---------- Given records ----------

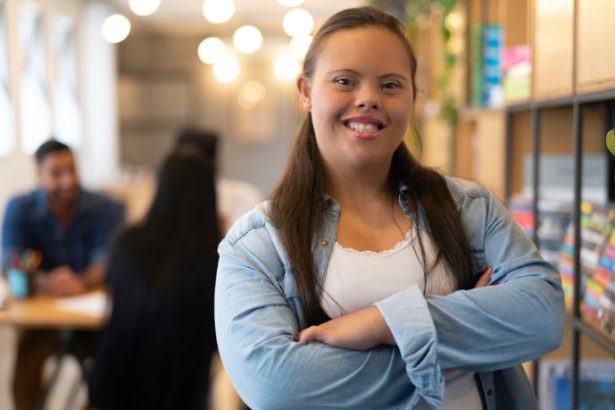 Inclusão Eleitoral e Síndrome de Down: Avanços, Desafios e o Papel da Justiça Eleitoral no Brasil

----------
---------- Given records ----------

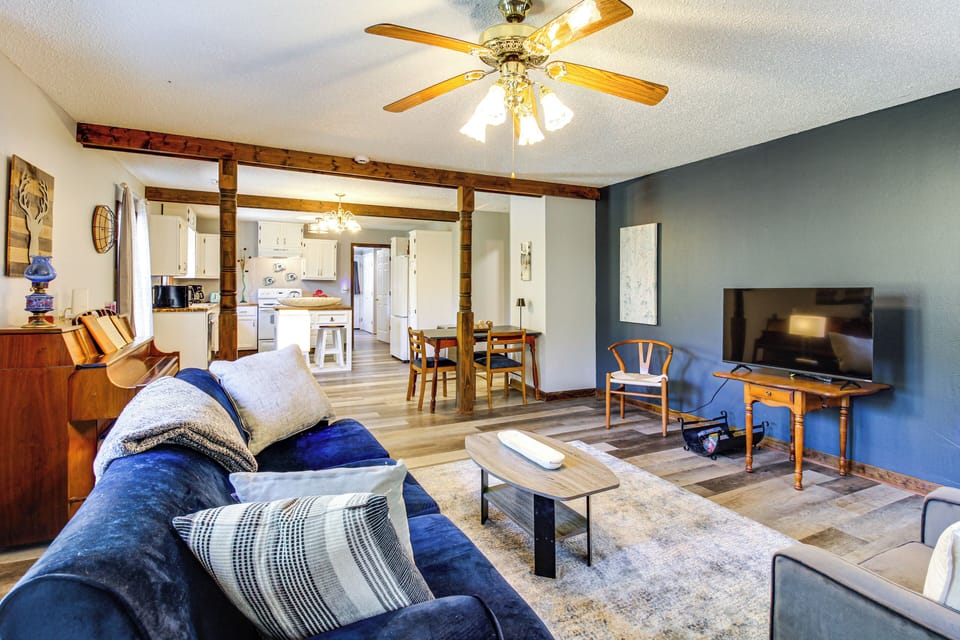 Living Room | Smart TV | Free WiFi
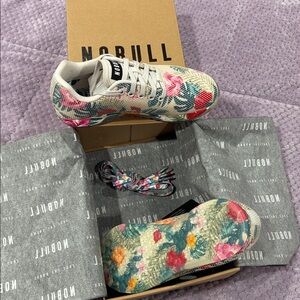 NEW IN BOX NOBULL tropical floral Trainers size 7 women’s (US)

----------

[What you should do]
Look above for the line containing "Living Room | Smart TV | Free WiFi" and the line containing "NEW IN BOX NOBULL", then reproduce both and everything between them exactly, pictures omitted.

[Answer to the exercise]
 Living Room | Smart TV | Free WiFi
 NEW IN BOX NOBULL tropical floral Trainers size 7 women’s (US)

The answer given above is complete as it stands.